▶ **Exercise description**:
Exactly as written, output the lines below starting from the first and ending with the line that contains "When you tap"; omit pictures.

▶ **Record set**:
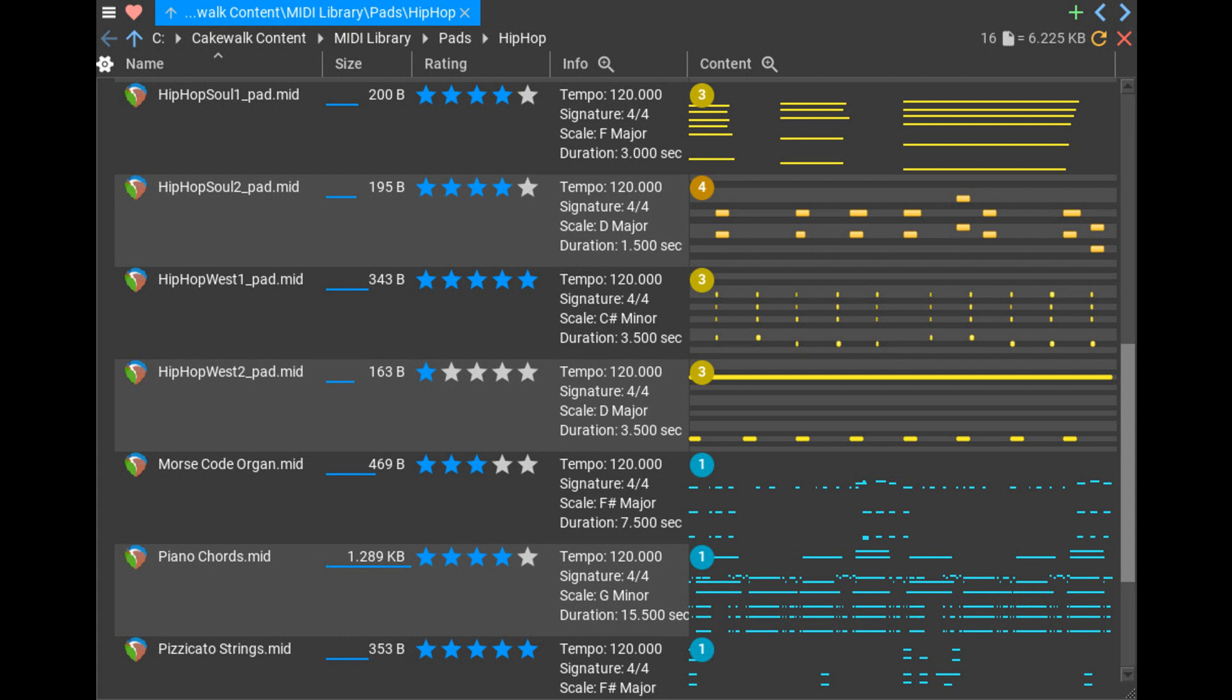Display formatted metadata. Intro price, $29, regular $39 until April 4, 2022.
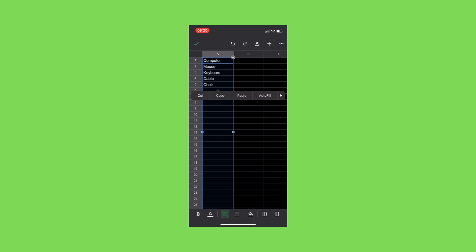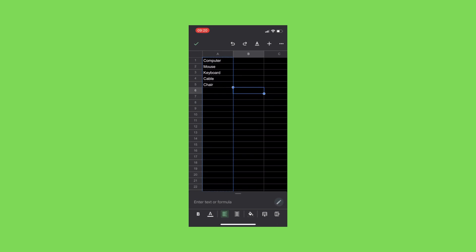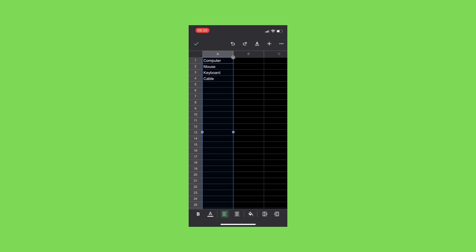When you tap again, the menu appears. You need to use the arrow button on the right side to get to the clear option. Once you select the column header, it's going to mark everything. If you tap again, the menu shows up. Use the arrow button to the right to get to the clear option. Once you hit the clear option, it's going to clear everything in this column.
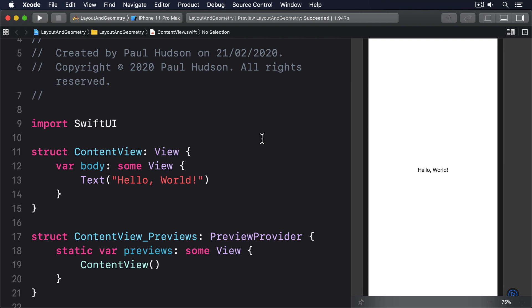To demonstrate this, we could make a spinning helix effect by creating 50 text views in a vertical scroll view, each of which uses the full width of the topmost view, then apply a 3D rotation effect based on their own position.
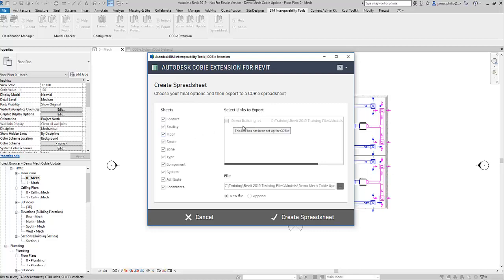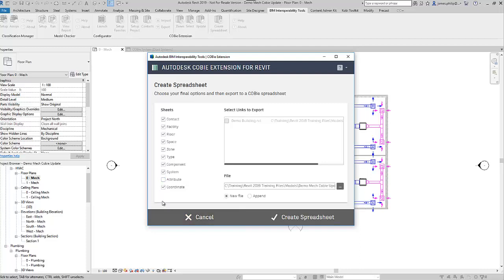It will show you the file that you are going to export and then it's going to show you the sheets — it lists all the sheets it's going to generate. We can get rid of a few of these; we don't have attributes in there, but the rest of them — coordinates, component type, zone, space, floor, and facility — we do.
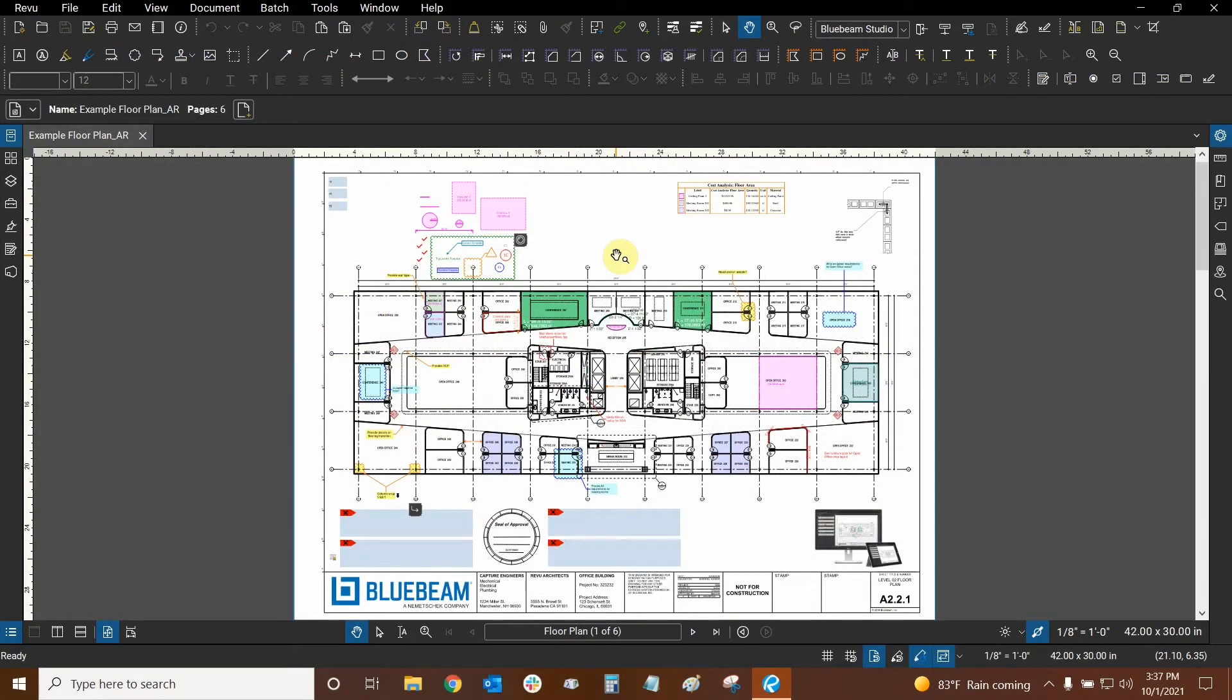Hi everyone and welcome to Bluebeam Review. My name is Ari and I'm a Bluebeam Certified Instructor with Digital Drafting Systems. Today, we're going to learn how to reduce the size of our PDF files.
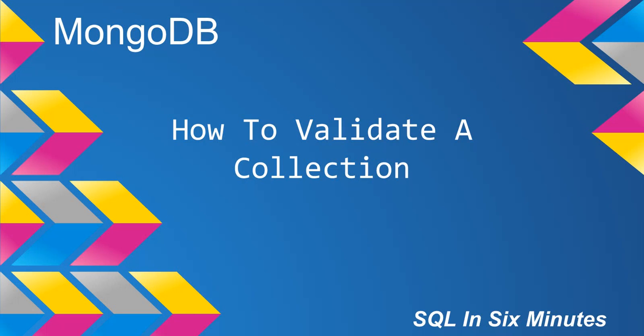This morning we're going to learn how to validate a collection. Basically what validation does is it's going to look at a collection's structure and seek out whether everything is valid or whether it's not. And it's going to return basically just a single document stating some things about it.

▶ **Output below**:
Display formatted metadata. Intro price, $29, regular $39 until April 4, 2022.
When you tap again, the menu appears. You need to use the arrow button on the right side to get to the clear option. Once you select the column header, it's going to mark everything. If you tap again, the menu shows up. Use the arrow button to the right to get to the clear option. Once you hit the clear option, it's going to clear everything in this column.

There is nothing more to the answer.